C’est ici qu’il faut sans doute reconnaître que les chambres à gaz ont effectivement un caractère mythique ; non dans le sens où elles n’auraient pas existé, mais dans le sens où elles ont très profondément marqué l’imaginaire collectif et, comme la crucifixion au christianisme, donné à l’Holocauste une imagerie que l’on n’ose qualifier de « porteuse ». Elles constitueraient ainsi le fondement, non d’une vérité scientifique, mais d’une conscience collective prompte aujourd’hui à s’émouvoir d’une atteinte aux droits essentiels. Seuls s’en attristeront ceux qui craignent que ce poids de culpabilité n’affaiblisse l’Occident et ne divise l’Europe au profit de nations moins complexées – à commencer par Israël. Or cette crainte même repose sur une vision étroite et pour ainsi dire génétique de l’Holocauste dans notre temps. Aujourd’hui, soixante-dix ans après, il n’y a plus ni victimes, ni bourreaux : les descendants des uns n’ont pas commis de faute dont les petits-fils des autres aient eu à souffrir, ils ne leur doivent rien. On a tort de ressortir les John Demjanjuk du placard aux sorcières : les chambres à gaz n’en mettront qu’un peu plus de temps à devenir symbole et mise en garde universelle.

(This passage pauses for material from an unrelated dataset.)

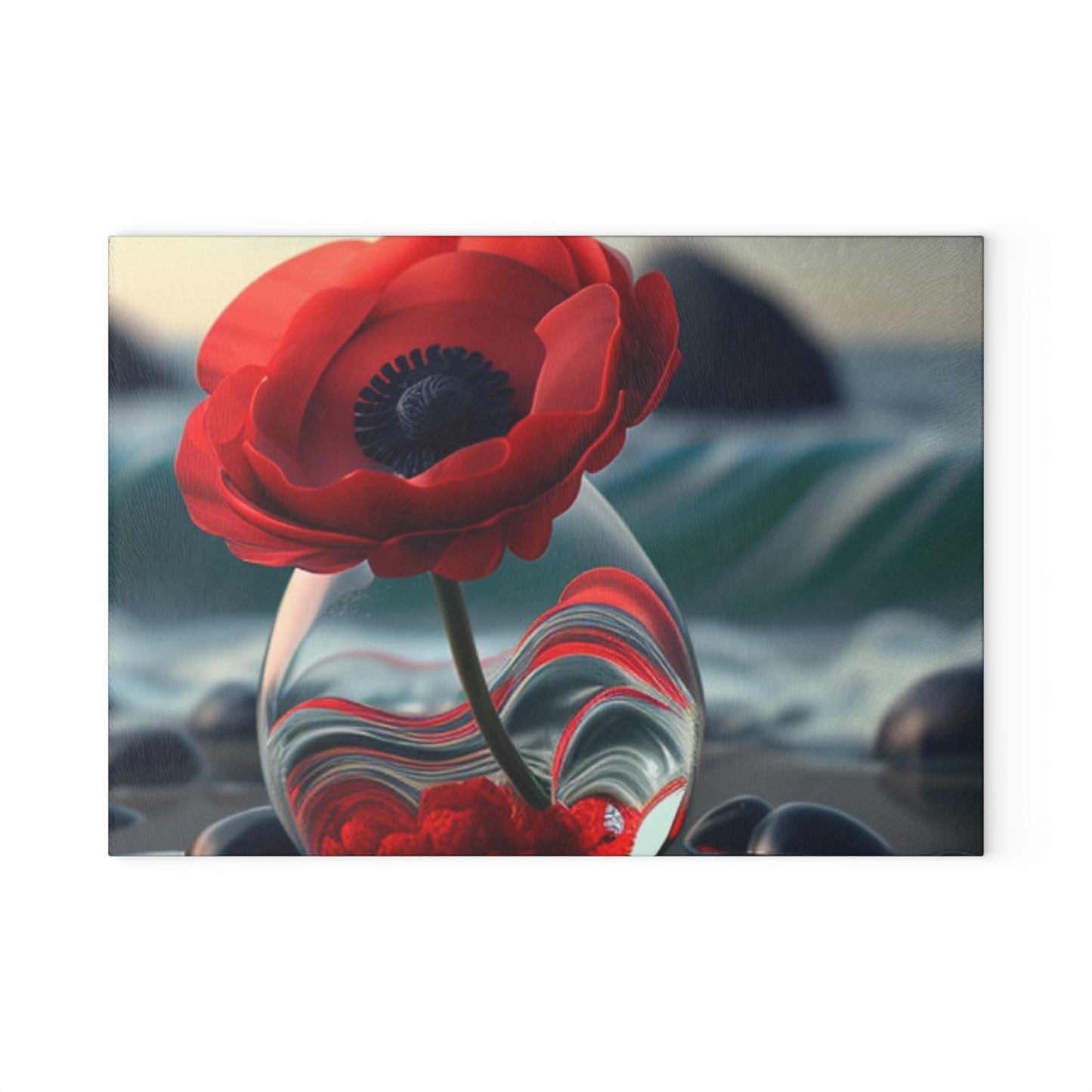 Glass Cutting Board Red Anemone in a Vase 1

Abrogeons la loi Gayssot, réponse dépassée à un faux problème ; laissons vaticiner les négationnistes, car la loi ne peut avoir pour objet ou pour intention de façonner l’inconscient collectif ; et laissons maintenant les morts enterrer les morts. L’Holocauste appartient aujourd’hui à la culture et non au droit. Cinéastes et romanciers retravailleront encore longtemps cette pâte sanglante pour en extraire ce qu’ils ont à nous dire de l’homme. Pour les juristes et les politiques, il est temps de s’occuper de l’avenir au lieu de se battre sur un passé qui nous a appris ce qu’il y avait à apprendre : à savoir, au cas où quelqu’un en aurait douté, que spolier des hommes en masse, les priver de leurs droits, de leurs ressources et de leur liberté de mouvement, c’est les mettre en danger de mort et créer une charge potentiellement insupportable pour la collectivité, la poussant ainsi au meurtre – ce qui, de quelque façon qu’on considère les choses, est doublement criminel.